▸ **PROBLEM TO WORK ON**
Each of the lines below must be retyped character for character.

[Data items]

::::

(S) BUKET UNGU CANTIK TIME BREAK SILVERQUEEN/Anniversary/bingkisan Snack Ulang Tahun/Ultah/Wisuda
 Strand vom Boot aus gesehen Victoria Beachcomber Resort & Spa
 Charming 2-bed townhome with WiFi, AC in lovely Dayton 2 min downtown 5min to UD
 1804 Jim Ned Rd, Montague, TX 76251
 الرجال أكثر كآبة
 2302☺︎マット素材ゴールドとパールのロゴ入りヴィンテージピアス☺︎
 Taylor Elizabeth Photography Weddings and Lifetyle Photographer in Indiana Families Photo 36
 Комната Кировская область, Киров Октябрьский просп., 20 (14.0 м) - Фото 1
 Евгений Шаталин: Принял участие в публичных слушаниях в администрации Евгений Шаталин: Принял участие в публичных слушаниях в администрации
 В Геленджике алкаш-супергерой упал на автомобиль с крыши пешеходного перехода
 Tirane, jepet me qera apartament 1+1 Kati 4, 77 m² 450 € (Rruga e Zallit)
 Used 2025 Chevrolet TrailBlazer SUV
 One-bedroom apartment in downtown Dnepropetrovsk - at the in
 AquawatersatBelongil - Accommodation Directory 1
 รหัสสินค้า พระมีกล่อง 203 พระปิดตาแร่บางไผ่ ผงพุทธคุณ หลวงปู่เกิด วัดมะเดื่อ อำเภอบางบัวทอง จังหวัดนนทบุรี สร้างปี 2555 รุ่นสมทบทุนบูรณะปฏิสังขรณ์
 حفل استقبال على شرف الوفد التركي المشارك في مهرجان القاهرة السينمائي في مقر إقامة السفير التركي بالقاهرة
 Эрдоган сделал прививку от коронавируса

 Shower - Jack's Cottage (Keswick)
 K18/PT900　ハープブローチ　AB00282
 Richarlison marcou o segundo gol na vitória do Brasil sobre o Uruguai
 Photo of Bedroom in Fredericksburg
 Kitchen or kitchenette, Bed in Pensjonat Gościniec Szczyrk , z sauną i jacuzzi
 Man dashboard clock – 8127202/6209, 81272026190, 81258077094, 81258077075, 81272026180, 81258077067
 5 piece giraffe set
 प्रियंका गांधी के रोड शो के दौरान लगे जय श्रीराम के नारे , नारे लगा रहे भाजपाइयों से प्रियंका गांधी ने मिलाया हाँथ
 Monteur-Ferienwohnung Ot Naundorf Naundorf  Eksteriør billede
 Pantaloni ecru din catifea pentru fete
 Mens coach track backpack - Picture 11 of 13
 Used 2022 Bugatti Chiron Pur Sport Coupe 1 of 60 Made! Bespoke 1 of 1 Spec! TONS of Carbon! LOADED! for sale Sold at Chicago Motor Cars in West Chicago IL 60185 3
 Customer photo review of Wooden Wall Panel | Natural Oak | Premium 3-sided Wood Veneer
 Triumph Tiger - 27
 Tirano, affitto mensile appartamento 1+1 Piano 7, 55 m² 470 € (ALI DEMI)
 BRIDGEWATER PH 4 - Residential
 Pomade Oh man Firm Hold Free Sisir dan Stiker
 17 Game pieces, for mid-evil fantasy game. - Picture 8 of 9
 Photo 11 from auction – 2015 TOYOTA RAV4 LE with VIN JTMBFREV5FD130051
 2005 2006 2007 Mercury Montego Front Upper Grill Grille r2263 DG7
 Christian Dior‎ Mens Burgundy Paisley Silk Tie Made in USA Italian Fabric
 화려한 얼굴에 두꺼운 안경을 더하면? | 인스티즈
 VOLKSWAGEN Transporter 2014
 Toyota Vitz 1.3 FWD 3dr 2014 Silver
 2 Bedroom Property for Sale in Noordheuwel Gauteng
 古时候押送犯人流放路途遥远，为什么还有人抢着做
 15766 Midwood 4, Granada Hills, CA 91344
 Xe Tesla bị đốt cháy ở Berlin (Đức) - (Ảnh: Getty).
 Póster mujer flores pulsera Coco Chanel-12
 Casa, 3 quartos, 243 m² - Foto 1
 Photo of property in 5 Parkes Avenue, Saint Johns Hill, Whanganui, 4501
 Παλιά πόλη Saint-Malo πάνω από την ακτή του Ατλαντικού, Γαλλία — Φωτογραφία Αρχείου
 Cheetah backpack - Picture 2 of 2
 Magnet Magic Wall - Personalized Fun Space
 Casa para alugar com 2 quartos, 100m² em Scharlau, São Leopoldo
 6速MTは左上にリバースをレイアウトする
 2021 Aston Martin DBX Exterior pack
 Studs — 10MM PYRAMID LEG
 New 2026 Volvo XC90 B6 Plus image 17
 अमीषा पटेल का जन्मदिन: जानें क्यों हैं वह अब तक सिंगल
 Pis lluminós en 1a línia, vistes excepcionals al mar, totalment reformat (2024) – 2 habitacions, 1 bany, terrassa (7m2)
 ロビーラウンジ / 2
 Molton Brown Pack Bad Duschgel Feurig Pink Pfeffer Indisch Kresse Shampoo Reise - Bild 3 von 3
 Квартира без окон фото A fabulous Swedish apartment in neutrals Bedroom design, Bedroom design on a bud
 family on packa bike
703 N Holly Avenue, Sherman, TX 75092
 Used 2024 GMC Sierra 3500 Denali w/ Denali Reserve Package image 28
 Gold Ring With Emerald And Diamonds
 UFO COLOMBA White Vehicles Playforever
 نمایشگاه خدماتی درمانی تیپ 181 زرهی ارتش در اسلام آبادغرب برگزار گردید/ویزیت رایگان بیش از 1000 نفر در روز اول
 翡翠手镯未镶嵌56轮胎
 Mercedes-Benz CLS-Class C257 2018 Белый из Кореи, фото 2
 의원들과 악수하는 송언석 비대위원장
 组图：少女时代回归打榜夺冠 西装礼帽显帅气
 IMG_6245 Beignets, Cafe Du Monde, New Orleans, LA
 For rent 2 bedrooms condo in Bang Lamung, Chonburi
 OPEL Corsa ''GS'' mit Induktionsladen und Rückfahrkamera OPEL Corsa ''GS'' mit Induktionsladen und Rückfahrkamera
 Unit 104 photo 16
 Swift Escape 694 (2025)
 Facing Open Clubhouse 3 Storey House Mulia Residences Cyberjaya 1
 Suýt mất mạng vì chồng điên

::::

▸ **RESPONSE**
(S) BUKET UNGU CANTIK TIME BREAK SILVERQUEEN/Anniversary/bingkisan Snack Ulang Tahun/Ultah/Wisuda
 Strand vom Boot aus gesehen Victoria Beachcomber Resort & Spa
 Charming 2-bed townhome with WiFi, AC in lovely Dayton 2 min downtown 5min to UD
 1804 Jim Ned Rd, Montague, TX 76251
 الرجال أكثر كآبة
 2302☺︎マット素材ゴールドとパールのロゴ入りヴィンテージピアス☺︎
 Taylor Elizabeth Photography Weddings and Lifetyle Photographer in Indiana Families Photo 36
 Комната Кировская область, Киров Октябрьский просп., 20 (14.0 м) - Фото 1
 Евгений Шаталин: Принял участие в публичных слушаниях в администрации Евгений Шаталин: Принял участие в публичных слушаниях в администрации
 В Геленджике алкаш-супергерой упал на автомобиль с крыши пешеходного перехода
 Tirane, jepet me qera apartament 1+1 Kati 4, 77 m² 450 € (Rruga e Zallit)
 Used 2025 Chevrolet TrailBlazer SUV
 One-bedroom apartment in downtown Dnepropetrovsk - at the in
 AquawatersatBelongil - Accommodation Directory 1
 รหัสสินค้า พระมีกล่อง 203 พระปิดตาแร่บางไผ่ ผงพุทธคุณ หลวงปู่เกิด วัดมะเดื่อ อำเภอบางบัวทอง จังหวัดนนทบุรี สร้างปี 2555 รุ่นสมทบทุนบูรณะปฏิสังขรณ์
 حفل استقبال على شرف الوفد التركي المشارك في مهرجان القاهرة السينمائي في مقر إقامة السفير التركي بالقاهرة
 Эрдоган сделал прививку от коронавируса

 Shower - Jack's Cottage (Keswick)
 K18/PT900　ハープブローチ　AB00282
 Richarlison marcou o segundo gol na vitória do Brasil sobre o Uruguai
 Photo of Bedroom in Fredericksburg
 Kitchen or kitchenette, Bed in Pensjonat Gościniec Szczyrk , z sauną i jacuzzi
 Man dashboard clock – 8127202/6209, 81272026190, 81258077094, 81258077075, 81272026180, 81258077067
 5 piece giraffe set
 प्रियंका गांधी के रोड शो के दौरान लगे जय श्रीराम के नारे , नारे लगा रहे भाजपाइयों से प्रियंका गांधी ने मिलाया हाँथ
 Monteur-Ferienwohnung Ot Naundorf Naundorf  Eksteriør billede
 Pantaloni ecru din catifea pentru fete
 Mens coach track backpack - Picture 11 of 13
 Used 2022 Bugatti Chiron Pur Sport Coupe 1 of 60 Made! Bespoke 1 of 1 Spec! TONS of Carbon! LOADED! for sale Sold at Chicago Motor Cars in West Chicago IL 60185 3
 Customer photo review of Wooden Wall Panel | Natural Oak | Premium 3-sided Wood Veneer
 Triumph Tiger - 27
 Tirano, affitto mensile appartamento 1+1 Piano 7, 55 m² 470 € (ALI DEMI)
 BRIDGEWATER PH 4 - Residential
 Pomade Oh man Firm Hold Free Sisir dan Stiker
 17 Game pieces, for mid-evil fantasy game. - Picture 8 of 9
 Photo 11 from auction – 2015 TOYOTA RAV4 LE with VIN JTMBFREV5FD130051
 2005 2006 2007 Mercury Montego Front Upper Grill Grille r2263 DG7
 Christian Dior‎ Mens Burgundy Paisley Silk Tie Made in USA Italian Fabric
 화려한 얼굴에 두꺼운 안경을 더하면? | 인스티즈
 VOLKSWAGEN Transporter 2014
 Toyota Vitz 1.3 FWD 3dr 2014 Silver
 2 Bedroom Property for Sale in Noordheuwel Gauteng
 古时候押送犯人流放路途遥远，为什么还有人抢着做
 15766 Midwood 4, Granada Hills, CA 91344
 Xe Tesla bị đốt cháy ở Berlin (Đức) - (Ảnh: Getty).
 Póster mujer flores pulsera Coco Chanel-12
 Casa, 3 quartos, 243 m² - Foto 1
 Photo of property in 5 Parkes Avenue, Saint Johns Hill, Whanganui, 4501
 Παλιά πόλη Saint-Malo πάνω από την ακτή του Ατλαντικού, Γαλλία — Φωτογραφία Αρχείου
 Cheetah backpack - Picture 2 of 2
 Magnet Magic Wall - Personalized Fun Space
 Casa para alugar com 2 quartos, 100m² em Scharlau, São Leopoldo
 6速MTは左上にリバースをレイアウトする
 2021 Aston Martin DBX Exterior pack
 Studs — 10MM PYRAMID LEG
 New 2026 Volvo XC90 B6 Plus image 17
 अमीषा पटेल का जन्मदिन: जानें क्यों हैं वह अब तक सिंगल
 Pis lluminós en 1a línia, vistes excepcionals al mar, totalment reformat (2024) – 2 habitacions, 1 bany, terrassa (7m2)
 ロビーラウンジ / 2
 Molton Brown Pack Bad Duschgel Feurig Pink Pfeffer Indisch Kresse Shampoo Reise - Bild 3 von 3
 Квартира без окон фото A fabulous Swedish apartment in neutrals Bedroom design, Bedroom design on a bud
 family on packa bike
703 N Holly Avenue, Sherman, TX 75092
 Used 2024 GMC Sierra 3500 Denali w/ Denali Reserve Package image 28
 Gold Ring With Emerald And Diamonds
 UFO COLOMBA White Vehicles Playforever
 نمایشگاه خدماتی درمانی تیپ 181 زرهی ارتش در اسلام آبادغرب برگزار گردید/ویزیت رایگان بیش از 1000 نفر در روز اول
 翡翠手镯未镶嵌56轮胎
 Mercedes-Benz CLS-Class C257 2018 Белый из Кореи, фото 2
 의원들과 악수하는 송언석 비대위원장
 组图：少女时代回归打榜夺冠 西装礼帽显帅气
 IMG_6245 Beignets, Cafe Du Monde, New Orleans, LA
 For rent 2 bedrooms condo in Bang Lamung, Chonburi
 OPEL Corsa ''GS'' mit Induktionsladen und Rückfahrkamera OPEL Corsa ''GS'' mit Induktionsladen und Rückfahrkamera
 Unit 104 photo 16
 Swift Escape 694 (2025)
 Facing Open Clubhouse 3 Storey House Mulia Residences Cyberjaya 1
 Suýt mất mạng vì chồng điên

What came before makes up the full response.